Deep learning to achieve clinically applicable segmentation of head and neck anatomy for radiotherapy
Stanislav Nikolov,Sam Blackwell,Alexei Zverovitch,Ruheena Mendes,Michelle Livne,Jeffrey De Fauw,Yojan Patel,Clemens Meyer,Harry Askham,Bernardino Romera-Paredes,Christopher Kelly,Alan Karthikesalingam,Carlton Chu,Dawn Carnell,Cheng Boon,Derek D'Souza,Syed Ali Moinuddin,Bethany Garie,Yasmin McQuinlan,Sarah Ireland,Kiarna Hampton,Krystle Fuller,Hugh Montgomery,Geraint Rees,Mustafa Suleyman,Trevor Back,Cían Hughes,Joseph R. Ledsam,Olaf Ronneberger
DOI: https://doi.org/10.48550/arXiv.1809.04430
2018-09-12
Computer Vision and Pattern Recognition
Abstract:Over half a million individuals are diagnosed with head and neck cancer each year worldwide. Radiotherapy is an important curative treatment for this disease, but it requires manual time consuming delineation of radio-sensitive organs at risk (OARs). This planning process can delay treatment, while also introducing inter-operator variability with resulting downstream radiation dose differences. While auto-segmentation algorithms offer a potentially time-saving solution, the challenges in defining, quantifying and achieving expert performance remain. Adopting a deep learning approach, we demonstrate a 3D U-Net architecture that achieves expert-level performance in delineating 21 distinct head and neck OARs commonly segmented in clinical practice.

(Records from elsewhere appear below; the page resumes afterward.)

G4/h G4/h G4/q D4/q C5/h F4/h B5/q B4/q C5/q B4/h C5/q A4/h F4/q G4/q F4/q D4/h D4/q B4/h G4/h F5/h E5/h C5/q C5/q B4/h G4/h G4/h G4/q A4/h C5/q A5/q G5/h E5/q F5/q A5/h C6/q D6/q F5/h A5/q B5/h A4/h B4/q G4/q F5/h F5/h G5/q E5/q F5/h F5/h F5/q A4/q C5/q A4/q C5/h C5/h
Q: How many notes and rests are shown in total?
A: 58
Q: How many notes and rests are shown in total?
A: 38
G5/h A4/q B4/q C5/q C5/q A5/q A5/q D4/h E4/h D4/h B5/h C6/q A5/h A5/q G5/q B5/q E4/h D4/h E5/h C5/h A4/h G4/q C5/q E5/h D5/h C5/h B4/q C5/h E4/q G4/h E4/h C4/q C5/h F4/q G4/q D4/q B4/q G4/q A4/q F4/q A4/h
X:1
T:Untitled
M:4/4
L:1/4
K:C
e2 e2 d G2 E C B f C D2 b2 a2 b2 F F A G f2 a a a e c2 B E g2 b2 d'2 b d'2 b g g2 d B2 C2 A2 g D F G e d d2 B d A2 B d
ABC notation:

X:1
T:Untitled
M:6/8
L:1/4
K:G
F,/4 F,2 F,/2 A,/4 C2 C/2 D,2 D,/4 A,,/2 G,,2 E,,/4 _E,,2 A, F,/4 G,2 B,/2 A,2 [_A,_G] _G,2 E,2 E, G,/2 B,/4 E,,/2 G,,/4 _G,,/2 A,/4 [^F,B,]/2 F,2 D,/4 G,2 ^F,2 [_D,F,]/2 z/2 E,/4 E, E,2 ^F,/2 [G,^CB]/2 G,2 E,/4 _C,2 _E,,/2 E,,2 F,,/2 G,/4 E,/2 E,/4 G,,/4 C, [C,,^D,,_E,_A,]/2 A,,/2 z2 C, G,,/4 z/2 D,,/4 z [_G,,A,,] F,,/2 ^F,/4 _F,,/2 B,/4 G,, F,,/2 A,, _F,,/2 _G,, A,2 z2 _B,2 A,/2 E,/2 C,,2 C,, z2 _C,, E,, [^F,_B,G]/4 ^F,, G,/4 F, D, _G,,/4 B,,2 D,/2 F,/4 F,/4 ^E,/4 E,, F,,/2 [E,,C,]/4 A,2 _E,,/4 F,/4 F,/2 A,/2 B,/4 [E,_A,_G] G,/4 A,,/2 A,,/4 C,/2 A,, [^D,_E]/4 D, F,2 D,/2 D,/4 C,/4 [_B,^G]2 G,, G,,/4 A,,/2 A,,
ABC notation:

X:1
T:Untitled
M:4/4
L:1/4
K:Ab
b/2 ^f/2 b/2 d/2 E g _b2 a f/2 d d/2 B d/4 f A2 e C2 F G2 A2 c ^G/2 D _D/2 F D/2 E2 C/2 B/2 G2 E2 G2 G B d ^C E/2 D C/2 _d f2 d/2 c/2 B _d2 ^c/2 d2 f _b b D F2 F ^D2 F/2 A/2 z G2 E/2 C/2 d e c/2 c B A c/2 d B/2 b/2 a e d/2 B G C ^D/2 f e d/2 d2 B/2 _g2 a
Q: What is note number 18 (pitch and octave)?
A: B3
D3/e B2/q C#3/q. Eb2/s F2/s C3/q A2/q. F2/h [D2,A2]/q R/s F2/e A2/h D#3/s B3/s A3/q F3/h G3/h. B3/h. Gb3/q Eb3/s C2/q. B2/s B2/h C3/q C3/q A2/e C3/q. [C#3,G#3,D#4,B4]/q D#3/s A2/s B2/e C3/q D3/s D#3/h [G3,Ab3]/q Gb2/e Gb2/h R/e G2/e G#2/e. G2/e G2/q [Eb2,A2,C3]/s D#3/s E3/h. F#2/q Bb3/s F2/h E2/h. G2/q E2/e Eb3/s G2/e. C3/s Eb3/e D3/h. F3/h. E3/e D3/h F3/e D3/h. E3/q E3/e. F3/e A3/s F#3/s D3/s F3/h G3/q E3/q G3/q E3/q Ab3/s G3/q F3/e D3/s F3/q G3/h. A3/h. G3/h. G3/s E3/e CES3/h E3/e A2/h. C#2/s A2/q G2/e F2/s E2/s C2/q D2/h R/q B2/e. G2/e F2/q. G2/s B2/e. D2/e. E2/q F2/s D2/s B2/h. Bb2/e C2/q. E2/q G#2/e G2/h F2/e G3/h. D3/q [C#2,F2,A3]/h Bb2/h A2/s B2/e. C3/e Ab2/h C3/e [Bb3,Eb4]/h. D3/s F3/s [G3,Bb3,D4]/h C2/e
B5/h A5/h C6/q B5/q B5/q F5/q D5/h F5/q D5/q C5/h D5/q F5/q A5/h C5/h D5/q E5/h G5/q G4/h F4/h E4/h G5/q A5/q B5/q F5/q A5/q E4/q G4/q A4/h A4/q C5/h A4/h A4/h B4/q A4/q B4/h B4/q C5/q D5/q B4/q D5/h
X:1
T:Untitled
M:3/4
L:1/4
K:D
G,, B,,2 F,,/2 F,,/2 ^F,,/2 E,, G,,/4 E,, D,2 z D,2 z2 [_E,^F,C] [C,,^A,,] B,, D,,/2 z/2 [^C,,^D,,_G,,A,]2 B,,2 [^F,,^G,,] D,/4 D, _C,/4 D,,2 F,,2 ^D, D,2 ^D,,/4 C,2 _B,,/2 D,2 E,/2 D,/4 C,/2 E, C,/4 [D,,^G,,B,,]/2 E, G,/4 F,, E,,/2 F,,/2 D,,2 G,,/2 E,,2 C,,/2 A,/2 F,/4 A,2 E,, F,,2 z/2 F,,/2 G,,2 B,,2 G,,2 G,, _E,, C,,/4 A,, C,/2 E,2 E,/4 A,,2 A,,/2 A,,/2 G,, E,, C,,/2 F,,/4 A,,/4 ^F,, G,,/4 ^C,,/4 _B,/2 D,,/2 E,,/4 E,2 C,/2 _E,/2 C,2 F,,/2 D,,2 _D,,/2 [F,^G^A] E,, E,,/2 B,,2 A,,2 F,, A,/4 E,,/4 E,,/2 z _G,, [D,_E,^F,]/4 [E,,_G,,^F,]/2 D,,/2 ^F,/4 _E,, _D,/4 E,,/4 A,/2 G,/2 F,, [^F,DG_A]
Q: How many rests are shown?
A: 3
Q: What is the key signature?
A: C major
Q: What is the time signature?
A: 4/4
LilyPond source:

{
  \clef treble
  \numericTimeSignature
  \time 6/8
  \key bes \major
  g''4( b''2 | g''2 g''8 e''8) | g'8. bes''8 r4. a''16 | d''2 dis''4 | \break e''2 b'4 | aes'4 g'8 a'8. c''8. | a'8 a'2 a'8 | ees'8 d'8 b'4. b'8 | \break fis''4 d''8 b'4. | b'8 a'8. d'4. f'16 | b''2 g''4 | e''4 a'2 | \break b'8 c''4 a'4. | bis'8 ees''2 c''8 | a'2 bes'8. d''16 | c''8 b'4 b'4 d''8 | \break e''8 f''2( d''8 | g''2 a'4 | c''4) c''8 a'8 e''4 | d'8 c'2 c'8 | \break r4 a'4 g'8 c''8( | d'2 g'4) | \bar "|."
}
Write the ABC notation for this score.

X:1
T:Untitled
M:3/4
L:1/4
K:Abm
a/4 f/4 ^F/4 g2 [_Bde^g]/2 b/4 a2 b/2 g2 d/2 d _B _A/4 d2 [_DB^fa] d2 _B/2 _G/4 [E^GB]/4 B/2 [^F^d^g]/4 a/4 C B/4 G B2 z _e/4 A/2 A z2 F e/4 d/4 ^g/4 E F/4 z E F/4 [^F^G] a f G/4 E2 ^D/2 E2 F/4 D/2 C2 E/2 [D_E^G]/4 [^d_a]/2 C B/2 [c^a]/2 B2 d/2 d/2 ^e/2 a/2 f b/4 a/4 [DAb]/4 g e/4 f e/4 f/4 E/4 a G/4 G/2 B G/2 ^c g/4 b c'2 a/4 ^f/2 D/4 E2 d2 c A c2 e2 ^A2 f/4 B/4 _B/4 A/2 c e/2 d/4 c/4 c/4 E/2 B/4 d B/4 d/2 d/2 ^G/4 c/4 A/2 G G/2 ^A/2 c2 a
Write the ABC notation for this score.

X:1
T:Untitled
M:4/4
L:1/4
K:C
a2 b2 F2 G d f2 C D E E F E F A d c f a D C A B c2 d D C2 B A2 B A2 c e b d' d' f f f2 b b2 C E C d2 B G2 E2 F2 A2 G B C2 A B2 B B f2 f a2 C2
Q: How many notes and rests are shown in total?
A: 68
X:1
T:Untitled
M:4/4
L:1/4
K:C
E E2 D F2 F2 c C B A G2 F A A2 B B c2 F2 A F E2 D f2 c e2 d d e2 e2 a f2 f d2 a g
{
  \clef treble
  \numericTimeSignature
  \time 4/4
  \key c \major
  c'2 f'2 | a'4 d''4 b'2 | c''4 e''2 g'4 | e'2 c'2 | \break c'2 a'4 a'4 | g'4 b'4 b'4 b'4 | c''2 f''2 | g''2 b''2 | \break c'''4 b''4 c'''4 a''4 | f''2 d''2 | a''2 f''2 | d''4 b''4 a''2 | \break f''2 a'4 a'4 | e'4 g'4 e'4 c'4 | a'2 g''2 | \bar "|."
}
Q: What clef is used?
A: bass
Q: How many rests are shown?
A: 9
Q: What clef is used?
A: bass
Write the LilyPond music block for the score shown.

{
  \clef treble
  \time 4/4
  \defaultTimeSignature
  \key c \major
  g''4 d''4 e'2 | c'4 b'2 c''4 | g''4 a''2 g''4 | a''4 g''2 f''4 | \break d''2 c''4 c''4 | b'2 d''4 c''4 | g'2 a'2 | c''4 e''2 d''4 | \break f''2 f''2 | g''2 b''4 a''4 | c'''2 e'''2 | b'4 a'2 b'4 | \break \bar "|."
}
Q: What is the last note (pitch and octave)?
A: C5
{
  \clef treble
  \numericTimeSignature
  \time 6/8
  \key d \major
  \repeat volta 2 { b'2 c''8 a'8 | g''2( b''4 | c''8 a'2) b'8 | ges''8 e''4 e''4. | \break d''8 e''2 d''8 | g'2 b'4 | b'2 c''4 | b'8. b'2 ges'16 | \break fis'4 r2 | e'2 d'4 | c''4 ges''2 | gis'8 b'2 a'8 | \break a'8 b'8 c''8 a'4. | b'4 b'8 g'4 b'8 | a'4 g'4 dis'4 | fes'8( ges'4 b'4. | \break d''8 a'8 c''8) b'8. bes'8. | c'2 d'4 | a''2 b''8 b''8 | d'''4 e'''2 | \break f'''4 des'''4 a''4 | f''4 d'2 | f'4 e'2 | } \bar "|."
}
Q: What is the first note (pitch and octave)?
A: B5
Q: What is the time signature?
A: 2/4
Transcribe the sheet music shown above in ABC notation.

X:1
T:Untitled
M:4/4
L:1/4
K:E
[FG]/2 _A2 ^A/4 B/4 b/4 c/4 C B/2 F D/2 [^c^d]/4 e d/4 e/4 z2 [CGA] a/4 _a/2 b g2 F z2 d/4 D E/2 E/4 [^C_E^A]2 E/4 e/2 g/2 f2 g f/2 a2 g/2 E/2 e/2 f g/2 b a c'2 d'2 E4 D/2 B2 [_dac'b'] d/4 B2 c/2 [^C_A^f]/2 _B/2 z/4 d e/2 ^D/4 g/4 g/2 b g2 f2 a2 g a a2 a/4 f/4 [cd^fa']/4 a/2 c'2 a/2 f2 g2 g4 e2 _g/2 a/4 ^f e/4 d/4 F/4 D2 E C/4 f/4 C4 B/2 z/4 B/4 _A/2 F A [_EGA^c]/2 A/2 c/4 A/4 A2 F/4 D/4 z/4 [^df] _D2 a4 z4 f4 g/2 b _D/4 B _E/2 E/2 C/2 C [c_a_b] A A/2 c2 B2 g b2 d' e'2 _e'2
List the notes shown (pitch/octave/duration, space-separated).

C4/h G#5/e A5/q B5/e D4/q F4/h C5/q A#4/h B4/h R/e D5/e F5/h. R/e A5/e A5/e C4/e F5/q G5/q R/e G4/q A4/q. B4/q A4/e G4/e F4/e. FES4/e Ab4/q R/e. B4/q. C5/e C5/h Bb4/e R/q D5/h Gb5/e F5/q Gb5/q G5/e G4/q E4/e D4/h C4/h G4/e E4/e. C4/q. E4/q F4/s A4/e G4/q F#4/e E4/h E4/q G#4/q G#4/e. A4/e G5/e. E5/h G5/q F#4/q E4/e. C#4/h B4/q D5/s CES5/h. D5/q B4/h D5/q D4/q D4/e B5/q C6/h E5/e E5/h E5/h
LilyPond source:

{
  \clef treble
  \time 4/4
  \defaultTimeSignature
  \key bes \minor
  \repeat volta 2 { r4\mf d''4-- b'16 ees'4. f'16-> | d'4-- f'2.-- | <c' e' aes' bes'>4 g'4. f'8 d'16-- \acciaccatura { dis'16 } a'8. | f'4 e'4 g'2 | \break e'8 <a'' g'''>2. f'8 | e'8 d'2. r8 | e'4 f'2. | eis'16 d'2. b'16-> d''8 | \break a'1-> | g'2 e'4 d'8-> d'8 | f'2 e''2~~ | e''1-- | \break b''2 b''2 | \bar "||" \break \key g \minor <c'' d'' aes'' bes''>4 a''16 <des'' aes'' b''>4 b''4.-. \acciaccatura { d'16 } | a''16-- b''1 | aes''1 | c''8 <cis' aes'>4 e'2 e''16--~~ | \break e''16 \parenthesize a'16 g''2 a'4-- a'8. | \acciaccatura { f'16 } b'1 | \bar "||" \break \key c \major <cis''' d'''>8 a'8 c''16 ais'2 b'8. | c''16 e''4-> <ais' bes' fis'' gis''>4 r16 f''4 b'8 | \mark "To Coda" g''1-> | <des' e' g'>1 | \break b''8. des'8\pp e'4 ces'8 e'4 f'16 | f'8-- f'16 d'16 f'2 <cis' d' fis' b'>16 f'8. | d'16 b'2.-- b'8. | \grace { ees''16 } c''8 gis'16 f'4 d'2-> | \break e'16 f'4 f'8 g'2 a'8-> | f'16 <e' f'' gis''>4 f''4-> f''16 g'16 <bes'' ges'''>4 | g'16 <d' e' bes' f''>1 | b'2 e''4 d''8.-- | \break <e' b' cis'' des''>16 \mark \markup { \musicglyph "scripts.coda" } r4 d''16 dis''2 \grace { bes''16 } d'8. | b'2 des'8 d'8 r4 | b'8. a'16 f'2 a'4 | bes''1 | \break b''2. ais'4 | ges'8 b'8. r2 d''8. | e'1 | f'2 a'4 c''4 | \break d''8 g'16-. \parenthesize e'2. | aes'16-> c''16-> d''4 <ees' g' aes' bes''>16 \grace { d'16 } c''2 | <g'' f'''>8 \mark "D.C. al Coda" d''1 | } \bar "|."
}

The model was trained on a dataset of 663 deidentified computed tomography (CT) scans acquired in routine clinical practice and with both segmentations taken from clinical practice and segmentations created by experienced radiographers as part of this research, all in accordance with consensus OAR definitions. We demonstrate the model's clinical applicability by assessing its performance on a test set of 21 CT scans from clinical practice, each with the 21 OARs segmented by two independent experts. We also introduce surface Dice similarity coefficient (surface DSC), a new metric for the comparison of organ delineation, to quantify deviation between OAR surface contours rather than volumes, better reflecting the clinical task of correcting errors in the automated organ segmentations. The model's generalisability is then demonstrated on two distinct open source datasets, reflecting different centres and countries to model training. With appropriate validation studies and regulatory approvals, this system could improve the efficiency, consistency, and safety of radiotherapy pathways.